A lenda do Pão Abadense
O lugar de Ponte do Abade é desde há muito conhecido por ter um pão excecional. A tradição remonta à época em que vivia na pacata aldeia uma mulher chamada Amália que adorava fazer experiências. O facto de gostar de inventar era por si só um fenómeno notável, mas as suas habilidades para a inovação deixavam muito a desejar, por isso ela era conhecida como "a cientista desastrada". Talvez fosse pela idade, talvez pelo génio, a verdade é que ela era muito desastrada e esquecia-se constantemente das coisas, pois sempre que se propunha a fazer uma experiência nunca sabia como a fazia, alterando constantemente as fórmulas. Num certo dia de valente tempestade, aconchegou-se junto à lareira de sua casa e pôs-se a comer um pãozinho que tinha comprado na padaria da aldeia. Enquanto mastigava, achou-o sem sabor. O seu engenho começou logo a matutar. -Já sei! - exclamou ela. – Vou falar com os padeiros! Este pão tem de mudar de sabor!!! A mulher não teve sorte e foi corrida a sete pés. No entanto, mantendo a sua tenacidade, voltou nessa mesma noite. Após bastante insistência, os padeiros acabaram por lhe deixar fazer a tão desejada experiência. A partir daí o pão começou a ser ótimo e a padaria aumentou os fregueses. Os padeiros quiseram agradecer-lhe e perguntar-lhe qual era a fórmula mágica, mas encontraram a pobre Amália morta no chão da sua casa. Para os padeiros foi um dia terrível! A senhora tinha morrido com o seu segredo. Mas algum milagre deve ter acontecido, pois desde essa data o pão da Ponte de Abade não deixou em mãos alheia a sua boa fama, continuando tão delicioso como na noite de invenção da Amália "cientista"!

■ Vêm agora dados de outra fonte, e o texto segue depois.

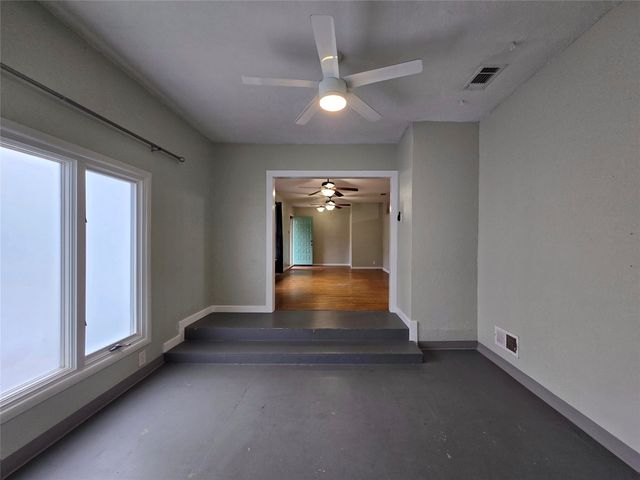 105 E Cate Street, Grand Saline, TX 75140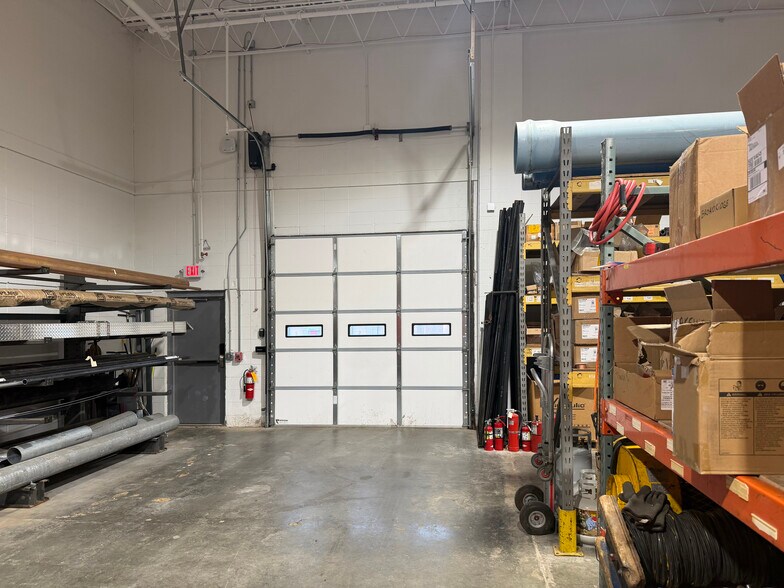 More Photos Of 11000 Lakeview Ave, Lenexa Light Distribution For Sale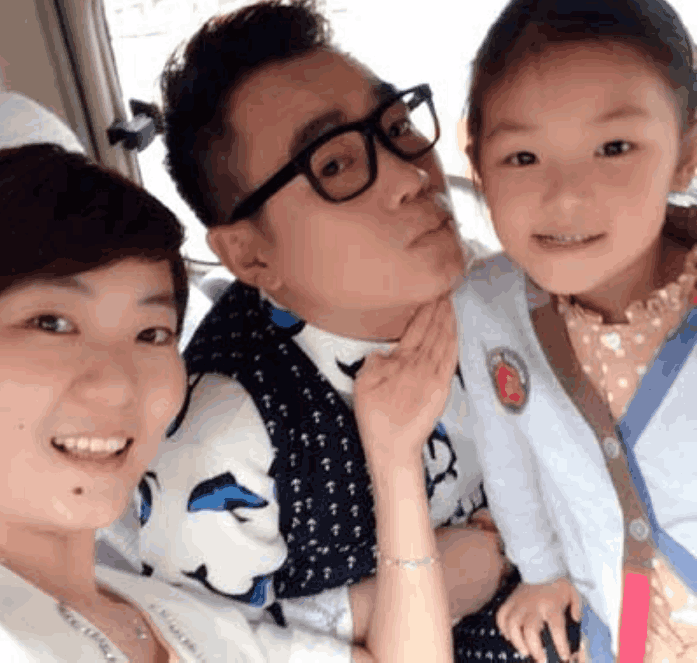 大鹏捧红了柳岩, 妻子从不介意, 低调了12年甘愿做背后的女人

Lenda do Convento de Sisimiro
Pelo ano de 982, existia no lugar da Quinta das Lameiras um convento de freiras beneditinas, conhecido como o Convento de Sisimiro. Nesta data, o célebre e temível general mouro Al-Mançur e as suas hostes atravessaram o Douro para a margem esquerda. Pela sua passagem o rasto de sangue era enorme. Destruído Lamego, progrediram para Trancoso. Pelo caminho arrasaram o Convento de Areas, onde martirizaram muitas das religiosas. Atravessada a serra de Pêra, chegaram ao convento de Sisimiro. Uma grande parte das freiras sofreram o martírio, outras conseguiram escapar levando consigo urra imagem de Nossa Senhora. Na sua fuga procuraram abrigo nos matos por onde se embrenharam. Acabaram por achar uma gruta ou lapa, unde guardaram a dita imagem que ali resistiu à agrura dos séculos, durante uns 515 anos. É esta imagem que dará origem à lenda da Senhora da Lapa.